Clemson Extension Upstate District

Introducing the New Greenville County 4-H Portfolio

By: Amie Mabe, Greenville County 4-H Agent

As we begin a new 4-H year in Greenville County, members have an exciting opportunity to showcase their growth and achievements through updated 4-H portfolios. These portfolios not only serve as a valuable record for future college applications but also offer a chance to earn county awards and prepare for the State Portfolio submission. An interview component will be held in the spring, required for senior members and optional for juniors. Cloverbuds are encouraged to participate by reciting the 4-H pledge alongside their submission. Portfolio guidelines for junior and senior members are available on the Greenville County 4-H website, where they can be downloaded or requested as a printed copy.
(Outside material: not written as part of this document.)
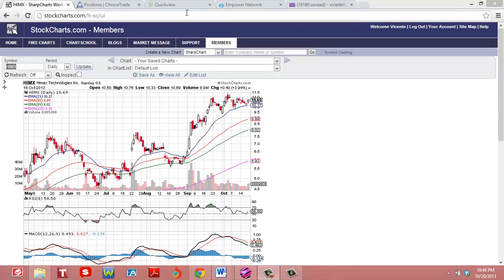Let's look at HIMX and I'm really bullish on this. This company makes the technology that's in the Google Glasses and you can see it has been a nice uptrending stock.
Start your 4-H story today and make this year one to remember!

Picture shows the cover for the Greenville County 4-H 2025-2026 Portfolio submission


 

Addressing Diabetes in Greenville County

By: Camilla Herndon, Rural Health and Nutrition Agent

Health Extension for Diabetes has resumed in Greenville County! The first in-person cohort since 2019 kicked off in June 2025 with 7 participants. Health Extension for Diabetes (HED) is a free diabetes education and support program recognized by the American Diabetes Association as a practice-tested program. The goal of HED is to improve participants’ management of their diabetes to prevent or delay complications.

During this 4-month-long program, participants learn the necessary skills to successfully manage their diabetes across 8 education sessions. The HED curriculum covers the foundations of diabetes, creating balanced meals to stabilize one’s blood sugar, the role of physical activity in diabetes management, medications, problem-solving with diabetes, and connections to local resources for further support.   

Eligible participants must be at least 18 years old, a South Carolina resident, and have a diagnosis of type 1 or type 2 diabetes. Folks interested in joining an HED cohort can sign up here or email Camilla at herndo3@clemson.edu. The program is also offered online and available for those whose primary language is Spanish.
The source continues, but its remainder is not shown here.